Measuring with an automotive oscilloscope
Since there were no error codes, a good automotive oscilloscope is the only usable diagnosis tool. The problem only occurred while driving, so the automotive lab scope was installed in the car and connector to the various signals using long measure leads. The measure leads are specially designed to be very insensitive to external distortions, which are always present near a running car engine.
The first signals to check are the ignition signals and the fuel injection signals, as these are the main signals that must be correct to make an engine run. Figure 1 shows the first measurement. Channel 1 measures the control signal for an ignition coil, channel 2 measures an injection signal and channel 3 measures the output signal of the MAP sensor (engine load). The automotive oscilloscope is setup to measure for several seconds at a high sampling rate. An external trigger button triggers the lab scope, which then stores 3 seconds of data before pressing the button, so the problem can be easily captured. The car was driven and after a while, the engine held back and the trigger button was pressed. The signals with the moment that the engine held back were captured and stored.
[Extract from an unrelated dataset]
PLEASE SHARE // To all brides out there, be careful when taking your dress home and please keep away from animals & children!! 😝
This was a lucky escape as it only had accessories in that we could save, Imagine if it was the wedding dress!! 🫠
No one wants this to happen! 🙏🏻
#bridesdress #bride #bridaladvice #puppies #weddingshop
The measurement in Figure 1 shows an anomaly in the ignition signal. After the normal signal from the ECM, an extra pulse is seen, then a pause and then the normal pattern returns. The injection signal and the MAP signal showed no strange things. The cause of the problem is not yet revealed, so more examination is required.
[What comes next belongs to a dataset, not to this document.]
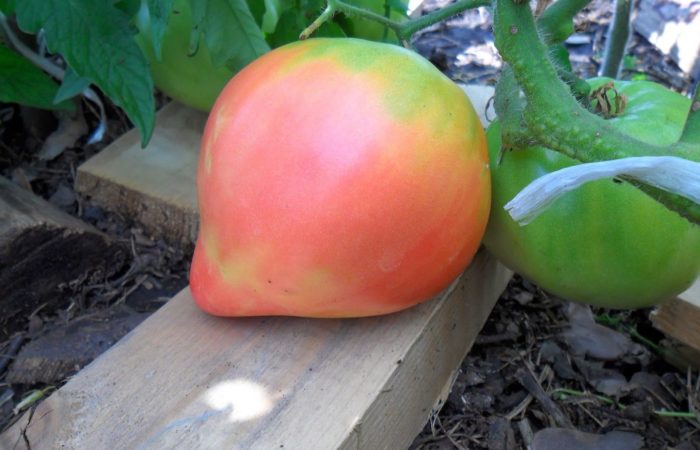Abakan pembe domatesi uzun süreli meyve vermesi ve mükemmel tadı nedeniyle seçilmiştir.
The next step is to measure ignition (Ch1) and injection (Ch2) again and now add the crankshaft signal (Ch3). After driving the car, the engine held in again and the signals were captured, as shown in figure 2.
Looking back in time and zooming in revealed another anomaly: a strangely delayed ignition signal pulse and a strange pulse on the crankshaft signal. It seemed like there was an extra (short) pulse on the crankshaft signal. An extra pulse can "confuse" the ECM, thinking the engine is at a different position than it actually is, and generating wrong ignition and injection pulses. Further analysis showed that this extra pulse appeared to be simultaneously with the ignition pulse for a different cylinder. The ignition pulses for different cylinders are visible as small peaks on the signal, caused by cross-talk.
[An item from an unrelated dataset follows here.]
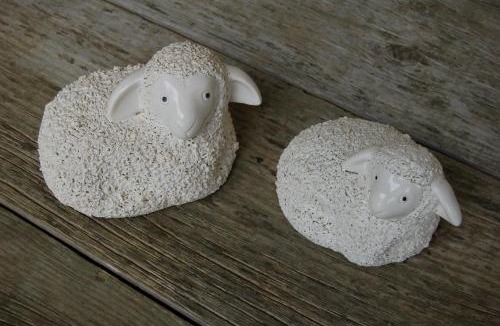 Ohangai House | Wheatly Downs Farmstay and Backpackers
The automotive oscilloscope was now connected to the ignition and injection of cylinder 4 and to the crankshaft signal. This time both coils were measured on the four channel automotive lab scope. A new test drive was made and when the problem occurred again the signals were captured, see figure 3.
Both ignition coils got an extra pulse, followed by a pause. This still does not reveal the cause of the problem. By zooming in, the signals could be examined much closer. Figure 4 shows the same signals, but now zoomed in to a level that the individual crankshaft pulses are visible.
Cause and solution
It is now visible that the falling slope of the exhaust side ignition signal shows a large distortion. The spark plug fires at the falling slope of this signal. This distortion is probably caused by a bad ignition coil or a bad spark plug. The spark plug at the exhaust side was then removed and it looked worn. The gap was large and the center electrode was rounded off.
The spark plug was replaced by a new one and the problem was gone.
Finding a problem like this requires a good automotive oscilloscope. A multimeter or just an error code scanner is not enough for problems like this. A good automotive oscilloscope can measure at a high sampling rate for a long time and provides enough zooming power to be able to see the smallest details in the signal.